Pratt & Whitney on Thursday opposed Go Airlines (India) Ltd's push to enforce an arbitration ruling in an engine dispute, with the U.S. company arguing in a Delaware court that the Indian airline's bankruptcy filing has raised risks for it.

The Indian airline, widely known as Go First, approached the Delaware court to enforce an arbitration order in Singapore against Pratt & Whitney, which it blames for its financial troubles by arguing the U.S. firm failed to supply engines on time.

The arbitrator on March 30 had ordered Pratt to assist Go First and supply serviceable spare engines to the airline, which has said it grounded half of its 54 Airbus A320neo planes due to engine issues.

Opposing enforcement of the arbitration award in Delaware, International Aero Engines (IAE), which counts Pratt as a shareholder, argued dynamics of the dispute have changed and the engine maker faces more risks after Go First was granted bankruptcy protection by an Indian tribunal on Wednesday.

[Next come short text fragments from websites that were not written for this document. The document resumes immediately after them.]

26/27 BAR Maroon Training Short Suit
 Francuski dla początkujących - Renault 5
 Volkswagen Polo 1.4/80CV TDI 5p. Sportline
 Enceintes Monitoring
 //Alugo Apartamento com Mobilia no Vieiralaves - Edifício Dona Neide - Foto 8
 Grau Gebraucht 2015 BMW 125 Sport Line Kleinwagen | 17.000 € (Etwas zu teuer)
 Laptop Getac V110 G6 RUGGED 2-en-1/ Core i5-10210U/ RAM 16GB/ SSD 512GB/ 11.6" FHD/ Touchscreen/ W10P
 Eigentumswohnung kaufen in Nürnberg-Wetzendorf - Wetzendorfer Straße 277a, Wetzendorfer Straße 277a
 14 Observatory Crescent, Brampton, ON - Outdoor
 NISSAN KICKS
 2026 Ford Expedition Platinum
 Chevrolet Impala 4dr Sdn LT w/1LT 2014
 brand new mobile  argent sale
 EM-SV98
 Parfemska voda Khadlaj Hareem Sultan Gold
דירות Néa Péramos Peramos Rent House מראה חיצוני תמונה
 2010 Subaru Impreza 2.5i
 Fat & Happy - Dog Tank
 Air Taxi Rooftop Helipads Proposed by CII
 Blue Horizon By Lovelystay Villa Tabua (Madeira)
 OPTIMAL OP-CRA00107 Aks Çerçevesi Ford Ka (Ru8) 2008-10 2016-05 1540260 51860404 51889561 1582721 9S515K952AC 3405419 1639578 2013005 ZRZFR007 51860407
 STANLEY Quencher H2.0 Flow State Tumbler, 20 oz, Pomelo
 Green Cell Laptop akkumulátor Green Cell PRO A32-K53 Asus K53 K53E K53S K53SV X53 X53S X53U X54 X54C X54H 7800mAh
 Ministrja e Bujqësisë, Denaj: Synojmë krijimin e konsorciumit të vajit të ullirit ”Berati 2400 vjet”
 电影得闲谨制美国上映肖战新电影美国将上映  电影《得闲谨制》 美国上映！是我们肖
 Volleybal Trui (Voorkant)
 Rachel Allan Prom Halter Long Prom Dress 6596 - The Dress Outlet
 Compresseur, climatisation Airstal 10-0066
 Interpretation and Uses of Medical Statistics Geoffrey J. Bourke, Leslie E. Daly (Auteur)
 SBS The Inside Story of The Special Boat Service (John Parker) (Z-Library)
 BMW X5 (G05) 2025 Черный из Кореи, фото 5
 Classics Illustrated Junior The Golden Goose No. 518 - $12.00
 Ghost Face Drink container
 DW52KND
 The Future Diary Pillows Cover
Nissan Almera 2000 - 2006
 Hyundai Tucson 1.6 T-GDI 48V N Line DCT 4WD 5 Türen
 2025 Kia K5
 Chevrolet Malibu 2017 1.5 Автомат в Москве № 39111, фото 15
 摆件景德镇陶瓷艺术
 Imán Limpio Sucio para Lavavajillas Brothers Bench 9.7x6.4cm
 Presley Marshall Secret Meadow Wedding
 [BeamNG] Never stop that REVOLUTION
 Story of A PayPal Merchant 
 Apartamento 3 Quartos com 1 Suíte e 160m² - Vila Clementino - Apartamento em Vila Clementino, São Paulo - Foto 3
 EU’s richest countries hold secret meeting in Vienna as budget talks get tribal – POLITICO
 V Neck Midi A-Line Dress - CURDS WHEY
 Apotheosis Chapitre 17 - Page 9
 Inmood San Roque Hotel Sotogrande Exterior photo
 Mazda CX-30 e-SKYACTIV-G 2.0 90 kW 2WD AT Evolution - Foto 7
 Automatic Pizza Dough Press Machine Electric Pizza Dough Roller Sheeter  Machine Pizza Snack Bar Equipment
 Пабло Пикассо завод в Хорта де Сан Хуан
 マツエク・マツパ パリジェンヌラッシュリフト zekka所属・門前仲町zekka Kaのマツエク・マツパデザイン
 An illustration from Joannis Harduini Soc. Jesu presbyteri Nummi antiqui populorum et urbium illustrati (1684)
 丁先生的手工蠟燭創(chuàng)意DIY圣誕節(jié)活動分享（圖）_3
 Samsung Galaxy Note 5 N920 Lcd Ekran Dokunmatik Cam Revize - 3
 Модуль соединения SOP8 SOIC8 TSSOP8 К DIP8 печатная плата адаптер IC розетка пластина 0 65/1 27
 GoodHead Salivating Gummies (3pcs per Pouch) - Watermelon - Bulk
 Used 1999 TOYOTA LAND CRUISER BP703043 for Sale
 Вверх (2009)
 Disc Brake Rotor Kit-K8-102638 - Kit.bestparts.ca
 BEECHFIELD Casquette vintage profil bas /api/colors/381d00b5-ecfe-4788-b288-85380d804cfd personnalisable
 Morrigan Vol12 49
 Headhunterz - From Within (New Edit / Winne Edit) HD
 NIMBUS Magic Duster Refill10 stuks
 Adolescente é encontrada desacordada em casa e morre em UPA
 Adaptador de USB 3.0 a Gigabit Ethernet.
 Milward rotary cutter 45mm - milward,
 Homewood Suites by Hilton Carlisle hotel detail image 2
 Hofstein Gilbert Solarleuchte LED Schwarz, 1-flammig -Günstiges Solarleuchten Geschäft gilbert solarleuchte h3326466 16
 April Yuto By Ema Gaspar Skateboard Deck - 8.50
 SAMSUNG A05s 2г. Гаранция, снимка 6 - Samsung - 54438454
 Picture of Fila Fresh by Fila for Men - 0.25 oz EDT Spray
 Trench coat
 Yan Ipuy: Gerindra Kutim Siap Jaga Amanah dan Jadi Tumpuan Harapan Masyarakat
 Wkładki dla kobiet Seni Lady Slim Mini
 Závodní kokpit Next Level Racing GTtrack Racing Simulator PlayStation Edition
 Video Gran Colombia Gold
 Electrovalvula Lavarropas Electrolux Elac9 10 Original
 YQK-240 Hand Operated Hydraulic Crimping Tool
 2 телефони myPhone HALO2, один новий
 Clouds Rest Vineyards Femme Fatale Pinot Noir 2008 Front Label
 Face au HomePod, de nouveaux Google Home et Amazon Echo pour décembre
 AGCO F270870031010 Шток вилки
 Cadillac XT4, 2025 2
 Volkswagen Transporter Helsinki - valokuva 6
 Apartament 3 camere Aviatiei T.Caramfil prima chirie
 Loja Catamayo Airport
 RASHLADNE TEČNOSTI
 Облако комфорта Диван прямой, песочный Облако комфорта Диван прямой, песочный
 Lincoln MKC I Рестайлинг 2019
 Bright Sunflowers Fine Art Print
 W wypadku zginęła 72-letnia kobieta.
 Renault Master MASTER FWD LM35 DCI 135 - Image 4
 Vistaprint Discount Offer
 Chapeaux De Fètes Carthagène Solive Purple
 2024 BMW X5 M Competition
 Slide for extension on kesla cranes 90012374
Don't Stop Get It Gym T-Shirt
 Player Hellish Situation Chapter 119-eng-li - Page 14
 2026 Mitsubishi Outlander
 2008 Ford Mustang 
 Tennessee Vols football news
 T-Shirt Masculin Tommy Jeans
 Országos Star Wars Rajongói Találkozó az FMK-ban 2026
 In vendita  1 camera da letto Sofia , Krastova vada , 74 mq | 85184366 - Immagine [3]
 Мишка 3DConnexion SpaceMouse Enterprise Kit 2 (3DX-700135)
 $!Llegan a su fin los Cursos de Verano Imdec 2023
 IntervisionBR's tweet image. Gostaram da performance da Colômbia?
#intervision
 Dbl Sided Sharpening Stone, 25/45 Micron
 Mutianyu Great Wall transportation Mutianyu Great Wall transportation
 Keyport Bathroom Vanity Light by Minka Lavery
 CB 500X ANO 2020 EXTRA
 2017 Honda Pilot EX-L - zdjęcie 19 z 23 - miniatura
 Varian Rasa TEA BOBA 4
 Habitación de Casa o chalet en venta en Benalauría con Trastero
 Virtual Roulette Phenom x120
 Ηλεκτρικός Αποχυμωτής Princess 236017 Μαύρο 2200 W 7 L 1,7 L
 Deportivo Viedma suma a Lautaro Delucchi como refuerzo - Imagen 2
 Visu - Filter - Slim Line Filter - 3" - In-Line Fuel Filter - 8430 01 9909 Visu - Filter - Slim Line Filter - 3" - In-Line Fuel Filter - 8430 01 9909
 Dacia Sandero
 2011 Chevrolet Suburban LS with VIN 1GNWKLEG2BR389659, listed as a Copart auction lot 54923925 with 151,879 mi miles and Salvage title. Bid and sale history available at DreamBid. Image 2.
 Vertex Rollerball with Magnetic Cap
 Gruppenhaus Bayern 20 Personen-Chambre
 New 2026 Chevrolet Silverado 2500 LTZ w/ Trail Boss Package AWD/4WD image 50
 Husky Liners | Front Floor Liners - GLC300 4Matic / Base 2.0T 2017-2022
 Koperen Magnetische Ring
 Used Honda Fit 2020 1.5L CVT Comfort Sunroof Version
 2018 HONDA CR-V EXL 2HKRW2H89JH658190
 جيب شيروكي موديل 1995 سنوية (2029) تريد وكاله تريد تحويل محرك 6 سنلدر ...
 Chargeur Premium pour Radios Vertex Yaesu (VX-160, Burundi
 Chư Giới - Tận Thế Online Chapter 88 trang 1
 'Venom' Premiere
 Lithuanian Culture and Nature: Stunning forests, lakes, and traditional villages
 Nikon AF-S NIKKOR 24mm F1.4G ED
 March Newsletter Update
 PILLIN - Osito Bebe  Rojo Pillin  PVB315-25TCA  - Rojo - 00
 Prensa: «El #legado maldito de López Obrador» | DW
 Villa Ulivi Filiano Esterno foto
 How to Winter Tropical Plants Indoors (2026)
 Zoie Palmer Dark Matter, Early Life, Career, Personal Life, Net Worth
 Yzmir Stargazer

"Go First’s recent bankruptcy filing has radically changed the field of play in terms of Go First’s need for relief and IAE’s risk," its filing stated, asking the court to put on hold or dimiss the airline's request.

"The risks for IAE, which were high to begin with, have increased significantly since Go First’s bankruptcy."

Go First did not respond to a request for comment.

While the Indian airline has blamed Pratt for its financial troubles and subsequent bankruptcy filing, the engine maker argued that claim is unfounded and the airline's years-long failure to pay for the maintenance and lease charges led to the necessary suspension of services.

Go First was not a "victim in need of urgent legal redress" but in reality an "insolvent airline that materially breached its contractual obligations," it said in the filing.